The most recent datasets (2019 onwards) are only available in geodatabase format.

In [5]:
search_path = os.path.join(raw_fold, "kommuner*.gdb")
flist = glob.glob(search_path)
for fpath in flist:
    fname = os.path.split(fpath)[1][:-4]
    print("Processing", fname)

    year = fname[-4:]
    gdf = gpd.read_file(fpath, driver="fileGDB", layer="kommune")
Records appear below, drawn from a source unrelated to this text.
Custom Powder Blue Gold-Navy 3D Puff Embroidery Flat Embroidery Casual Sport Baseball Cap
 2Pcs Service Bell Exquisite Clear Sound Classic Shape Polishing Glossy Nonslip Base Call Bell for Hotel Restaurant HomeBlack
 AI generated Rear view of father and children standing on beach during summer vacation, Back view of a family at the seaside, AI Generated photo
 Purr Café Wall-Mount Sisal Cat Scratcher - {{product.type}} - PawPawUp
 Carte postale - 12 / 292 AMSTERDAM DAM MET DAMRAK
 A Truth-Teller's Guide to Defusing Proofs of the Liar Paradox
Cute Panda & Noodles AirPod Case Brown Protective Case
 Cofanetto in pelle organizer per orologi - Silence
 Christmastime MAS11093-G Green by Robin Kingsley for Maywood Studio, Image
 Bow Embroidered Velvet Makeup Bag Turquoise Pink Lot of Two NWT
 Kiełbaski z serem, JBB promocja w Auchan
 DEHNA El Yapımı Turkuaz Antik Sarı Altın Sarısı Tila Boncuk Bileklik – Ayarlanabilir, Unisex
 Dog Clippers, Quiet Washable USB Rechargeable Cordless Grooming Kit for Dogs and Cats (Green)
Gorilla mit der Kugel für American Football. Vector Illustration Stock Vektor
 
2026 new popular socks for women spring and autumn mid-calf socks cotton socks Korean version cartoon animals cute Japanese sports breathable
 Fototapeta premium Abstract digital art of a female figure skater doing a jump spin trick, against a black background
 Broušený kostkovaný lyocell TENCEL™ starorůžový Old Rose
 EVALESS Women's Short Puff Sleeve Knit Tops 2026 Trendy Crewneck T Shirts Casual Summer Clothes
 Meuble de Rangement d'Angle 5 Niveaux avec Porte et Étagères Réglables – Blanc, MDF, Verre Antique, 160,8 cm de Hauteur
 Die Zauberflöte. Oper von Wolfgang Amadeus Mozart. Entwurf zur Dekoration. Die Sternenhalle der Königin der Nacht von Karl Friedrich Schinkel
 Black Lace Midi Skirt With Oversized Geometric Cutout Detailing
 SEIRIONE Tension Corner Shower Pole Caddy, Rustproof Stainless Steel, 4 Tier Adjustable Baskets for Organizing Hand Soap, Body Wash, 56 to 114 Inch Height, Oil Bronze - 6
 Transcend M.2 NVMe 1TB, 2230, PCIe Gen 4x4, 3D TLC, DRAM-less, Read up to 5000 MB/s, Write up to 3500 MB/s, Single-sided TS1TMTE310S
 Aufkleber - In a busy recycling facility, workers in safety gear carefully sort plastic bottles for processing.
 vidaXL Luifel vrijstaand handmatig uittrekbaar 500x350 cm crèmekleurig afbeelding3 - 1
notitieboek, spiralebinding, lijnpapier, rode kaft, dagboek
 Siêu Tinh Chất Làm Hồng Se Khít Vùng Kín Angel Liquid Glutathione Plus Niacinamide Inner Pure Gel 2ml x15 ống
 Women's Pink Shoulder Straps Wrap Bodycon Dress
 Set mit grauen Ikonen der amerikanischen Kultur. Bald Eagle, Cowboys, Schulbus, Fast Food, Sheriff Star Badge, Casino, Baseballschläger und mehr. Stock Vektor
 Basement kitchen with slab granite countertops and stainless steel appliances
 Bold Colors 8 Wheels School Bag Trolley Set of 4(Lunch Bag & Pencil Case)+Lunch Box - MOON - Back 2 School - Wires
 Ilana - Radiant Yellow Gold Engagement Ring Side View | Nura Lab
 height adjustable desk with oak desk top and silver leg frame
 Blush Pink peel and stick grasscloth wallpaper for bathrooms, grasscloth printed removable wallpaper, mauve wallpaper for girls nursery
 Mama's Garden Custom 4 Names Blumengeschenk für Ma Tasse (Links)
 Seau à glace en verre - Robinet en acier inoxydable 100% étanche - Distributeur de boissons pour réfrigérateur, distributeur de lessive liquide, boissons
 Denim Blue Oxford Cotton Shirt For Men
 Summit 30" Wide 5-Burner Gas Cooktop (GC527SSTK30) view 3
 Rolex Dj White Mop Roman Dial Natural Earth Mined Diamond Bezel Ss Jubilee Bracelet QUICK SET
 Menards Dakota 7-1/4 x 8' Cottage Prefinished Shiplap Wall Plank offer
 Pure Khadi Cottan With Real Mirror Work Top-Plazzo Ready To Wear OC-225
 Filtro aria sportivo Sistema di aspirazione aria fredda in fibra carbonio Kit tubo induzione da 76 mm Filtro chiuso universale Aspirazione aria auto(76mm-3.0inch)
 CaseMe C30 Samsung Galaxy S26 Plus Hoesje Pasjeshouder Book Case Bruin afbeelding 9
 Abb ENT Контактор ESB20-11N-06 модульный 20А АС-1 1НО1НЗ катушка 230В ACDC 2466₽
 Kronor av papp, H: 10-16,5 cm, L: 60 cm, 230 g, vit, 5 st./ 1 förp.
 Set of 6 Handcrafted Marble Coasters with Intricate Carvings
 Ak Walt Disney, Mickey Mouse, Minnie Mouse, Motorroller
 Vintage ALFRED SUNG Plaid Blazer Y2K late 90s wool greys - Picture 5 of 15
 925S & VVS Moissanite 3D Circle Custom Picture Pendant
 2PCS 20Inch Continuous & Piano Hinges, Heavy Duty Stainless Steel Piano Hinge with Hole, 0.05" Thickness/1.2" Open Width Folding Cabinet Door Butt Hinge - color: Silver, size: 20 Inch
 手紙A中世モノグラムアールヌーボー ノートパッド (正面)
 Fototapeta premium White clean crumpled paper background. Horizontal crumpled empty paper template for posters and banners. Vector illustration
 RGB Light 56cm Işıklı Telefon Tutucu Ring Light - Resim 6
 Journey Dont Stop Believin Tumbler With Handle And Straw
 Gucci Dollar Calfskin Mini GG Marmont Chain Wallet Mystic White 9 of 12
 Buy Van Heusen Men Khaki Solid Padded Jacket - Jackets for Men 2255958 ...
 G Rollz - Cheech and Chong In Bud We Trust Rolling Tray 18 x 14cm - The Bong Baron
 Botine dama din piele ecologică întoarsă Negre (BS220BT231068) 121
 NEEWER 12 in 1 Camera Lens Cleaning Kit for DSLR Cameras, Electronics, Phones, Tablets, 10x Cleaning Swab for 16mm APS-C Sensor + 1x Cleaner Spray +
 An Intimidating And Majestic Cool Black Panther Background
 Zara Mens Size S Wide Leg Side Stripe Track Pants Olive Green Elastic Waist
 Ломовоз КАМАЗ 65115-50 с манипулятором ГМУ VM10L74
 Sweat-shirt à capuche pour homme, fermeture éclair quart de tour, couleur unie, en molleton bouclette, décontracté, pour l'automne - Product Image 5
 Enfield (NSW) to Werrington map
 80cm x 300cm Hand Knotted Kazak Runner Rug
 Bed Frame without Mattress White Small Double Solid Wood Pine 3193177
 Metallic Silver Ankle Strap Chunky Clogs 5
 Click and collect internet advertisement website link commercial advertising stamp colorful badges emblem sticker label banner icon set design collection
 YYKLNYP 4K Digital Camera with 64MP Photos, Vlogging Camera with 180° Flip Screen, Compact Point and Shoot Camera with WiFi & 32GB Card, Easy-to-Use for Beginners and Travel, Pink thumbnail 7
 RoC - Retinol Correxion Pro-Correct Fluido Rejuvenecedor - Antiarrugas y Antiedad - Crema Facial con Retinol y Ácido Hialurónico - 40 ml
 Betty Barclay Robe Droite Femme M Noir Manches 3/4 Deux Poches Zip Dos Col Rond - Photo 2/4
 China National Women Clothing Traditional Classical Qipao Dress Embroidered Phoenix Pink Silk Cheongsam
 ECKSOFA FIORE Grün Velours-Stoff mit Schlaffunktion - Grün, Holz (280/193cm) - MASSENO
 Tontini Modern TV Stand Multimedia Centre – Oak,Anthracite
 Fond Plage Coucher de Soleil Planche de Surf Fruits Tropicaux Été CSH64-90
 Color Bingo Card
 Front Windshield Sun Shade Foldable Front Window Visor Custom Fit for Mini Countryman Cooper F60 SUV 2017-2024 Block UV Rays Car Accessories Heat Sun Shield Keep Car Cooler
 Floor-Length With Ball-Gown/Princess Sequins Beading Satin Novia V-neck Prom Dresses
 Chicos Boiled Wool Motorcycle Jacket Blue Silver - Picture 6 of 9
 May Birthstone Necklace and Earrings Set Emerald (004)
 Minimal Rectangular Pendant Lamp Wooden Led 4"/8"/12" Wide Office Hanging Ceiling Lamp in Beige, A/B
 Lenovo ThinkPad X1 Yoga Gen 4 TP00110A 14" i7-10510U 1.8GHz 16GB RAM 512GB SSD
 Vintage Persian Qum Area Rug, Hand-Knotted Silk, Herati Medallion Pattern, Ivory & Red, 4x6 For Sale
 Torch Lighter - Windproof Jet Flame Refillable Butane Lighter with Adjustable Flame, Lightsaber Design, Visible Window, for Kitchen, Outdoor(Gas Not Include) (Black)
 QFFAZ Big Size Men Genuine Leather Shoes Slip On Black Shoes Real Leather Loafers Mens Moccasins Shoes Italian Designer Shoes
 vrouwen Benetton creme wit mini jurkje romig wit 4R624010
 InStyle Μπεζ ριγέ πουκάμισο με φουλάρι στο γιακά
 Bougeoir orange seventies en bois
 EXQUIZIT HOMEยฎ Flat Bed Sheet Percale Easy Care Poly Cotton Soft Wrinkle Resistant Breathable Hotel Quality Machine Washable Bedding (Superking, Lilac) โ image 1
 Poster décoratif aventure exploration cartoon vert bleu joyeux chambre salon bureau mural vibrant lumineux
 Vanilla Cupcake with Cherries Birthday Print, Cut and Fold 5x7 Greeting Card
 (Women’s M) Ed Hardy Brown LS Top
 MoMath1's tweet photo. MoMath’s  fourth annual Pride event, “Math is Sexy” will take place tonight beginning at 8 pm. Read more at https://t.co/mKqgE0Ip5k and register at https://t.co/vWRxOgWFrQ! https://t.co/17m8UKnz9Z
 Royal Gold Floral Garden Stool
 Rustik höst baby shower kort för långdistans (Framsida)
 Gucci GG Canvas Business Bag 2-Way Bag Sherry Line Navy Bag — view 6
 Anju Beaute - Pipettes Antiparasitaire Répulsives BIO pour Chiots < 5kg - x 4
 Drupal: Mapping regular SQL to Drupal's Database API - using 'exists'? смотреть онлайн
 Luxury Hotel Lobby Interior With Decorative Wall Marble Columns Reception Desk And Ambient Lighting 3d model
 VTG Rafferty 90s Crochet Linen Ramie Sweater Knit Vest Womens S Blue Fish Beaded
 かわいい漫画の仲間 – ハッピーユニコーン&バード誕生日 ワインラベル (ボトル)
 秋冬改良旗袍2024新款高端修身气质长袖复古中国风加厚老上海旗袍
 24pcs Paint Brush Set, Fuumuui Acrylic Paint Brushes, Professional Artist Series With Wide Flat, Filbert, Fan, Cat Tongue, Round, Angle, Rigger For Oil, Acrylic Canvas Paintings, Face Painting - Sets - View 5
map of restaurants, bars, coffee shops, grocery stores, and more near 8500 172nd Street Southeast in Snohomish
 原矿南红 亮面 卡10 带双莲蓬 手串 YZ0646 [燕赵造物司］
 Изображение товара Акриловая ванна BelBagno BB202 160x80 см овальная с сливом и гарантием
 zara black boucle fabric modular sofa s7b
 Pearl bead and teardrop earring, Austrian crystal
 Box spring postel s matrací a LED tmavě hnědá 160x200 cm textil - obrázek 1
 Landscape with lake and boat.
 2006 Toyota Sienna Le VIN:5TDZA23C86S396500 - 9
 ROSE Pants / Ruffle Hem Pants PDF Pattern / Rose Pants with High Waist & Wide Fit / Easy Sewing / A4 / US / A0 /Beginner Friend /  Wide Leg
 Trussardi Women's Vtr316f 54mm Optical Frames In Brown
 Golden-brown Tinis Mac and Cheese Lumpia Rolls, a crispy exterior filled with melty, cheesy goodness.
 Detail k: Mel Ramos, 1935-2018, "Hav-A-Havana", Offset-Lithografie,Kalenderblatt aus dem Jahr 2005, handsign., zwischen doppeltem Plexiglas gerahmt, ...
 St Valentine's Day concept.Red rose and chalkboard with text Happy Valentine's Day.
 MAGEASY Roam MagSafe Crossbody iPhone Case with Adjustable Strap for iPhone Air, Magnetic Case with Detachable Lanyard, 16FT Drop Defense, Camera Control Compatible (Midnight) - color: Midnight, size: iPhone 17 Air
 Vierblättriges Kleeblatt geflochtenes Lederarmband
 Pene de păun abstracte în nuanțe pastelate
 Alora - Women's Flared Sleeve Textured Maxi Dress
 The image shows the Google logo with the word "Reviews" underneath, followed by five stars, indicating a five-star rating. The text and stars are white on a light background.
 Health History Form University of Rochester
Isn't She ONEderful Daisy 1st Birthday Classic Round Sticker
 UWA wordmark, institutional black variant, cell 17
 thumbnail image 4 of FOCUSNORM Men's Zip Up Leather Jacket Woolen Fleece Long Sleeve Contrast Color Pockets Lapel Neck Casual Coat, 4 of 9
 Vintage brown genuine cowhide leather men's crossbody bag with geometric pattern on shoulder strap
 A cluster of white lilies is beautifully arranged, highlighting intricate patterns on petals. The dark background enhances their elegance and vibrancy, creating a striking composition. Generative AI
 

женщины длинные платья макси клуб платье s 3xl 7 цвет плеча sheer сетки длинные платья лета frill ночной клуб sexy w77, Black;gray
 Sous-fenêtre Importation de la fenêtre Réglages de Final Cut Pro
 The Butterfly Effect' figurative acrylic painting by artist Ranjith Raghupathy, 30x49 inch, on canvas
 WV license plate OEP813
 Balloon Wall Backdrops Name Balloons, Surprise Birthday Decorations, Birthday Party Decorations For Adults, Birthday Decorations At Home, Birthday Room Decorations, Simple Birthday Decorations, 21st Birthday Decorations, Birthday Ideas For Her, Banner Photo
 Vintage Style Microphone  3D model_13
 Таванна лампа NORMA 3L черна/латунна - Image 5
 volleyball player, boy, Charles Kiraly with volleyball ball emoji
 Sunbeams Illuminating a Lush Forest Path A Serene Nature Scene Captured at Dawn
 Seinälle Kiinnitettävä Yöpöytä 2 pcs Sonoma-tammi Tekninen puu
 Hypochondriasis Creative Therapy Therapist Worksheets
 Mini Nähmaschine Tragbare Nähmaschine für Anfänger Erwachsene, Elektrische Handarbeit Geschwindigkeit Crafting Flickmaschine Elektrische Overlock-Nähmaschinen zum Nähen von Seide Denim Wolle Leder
    # Get fylkesnummer from kommnr
    gdf.rename({"kommunenummer": "komnr"}, axis="columns", inplace=True)
    gdf["komnr"] = gdf["komnr"].astype(str)
    gdf["fylnr"] = gdf["komnr"].str[:2]
    gdf = gdf[["fylnr", "komnr", "geometry"]]

    # Dissolve
    kom_gdf = gdf.dissolve(by="komnr", aggfunc="first").reset_index()
    kom_gdf = kom_gdf[["fylnr", "komnr", "geometry"]]
    fyl_gdf = gdf.dissolve(by="fylnr").reset_index()
    fyl_gdf = fyl_gdf[["fylnr", "geometry"]]

    # Save
    kom_gdf.to_file(
        admin_gpkg,
        driver="GPKG",
        layer=f"kommuner{year}",
        index=False,
    )
    fyl_gdf.to_file(
        admin_gpkg,
        driver="GPKG",
        layer=f"fylker{year}",
        index=False,
    )

Processing kommuner2022
Processing kommuner2021
Processing kommuner2020
Processing kommuner2019


## 5. Explore layers

In [6]:
sorted(fiona.listlayers(admin_gpkg))

['fylker2003',
 'fylker2004',
 'fylker2005',
 'fylker2006',
 'fylker2007',
 'fylker2008',
 'fylker2009',
 'fylker2010',
 'fylker2011',
 'fylker2012',
 'fylker2013',
 'fylker2014',
 'fylker2015',
 'fylker2016',
 'fylker2017',
 'fylker2018',
 'fylker2019',
 'fylker2020',
 'fylker2021',
 'fylker2022',
 'kommuner2003',
 'kommuner2004',
 'kommuner2005',
 'kommuner2006',
 'kommuner2007',
 'kommuner2008',
 'kommuner2009',
 'kommuner2010',
 'kommuner2011',
 'kommuner2012',
 'kommuner2013',
 'kommuner2014',
 'kommuner2015',
 'kommuner2016',
 'kommuner2017',
 'kommuner2018',
 'kommuner2019',
 'kommuner2020',
 'kommuner2021',
 'kommuner2022']

This notebook has generated complete annual data series for fylker and kommuner from 2003 to 2022 inclusive.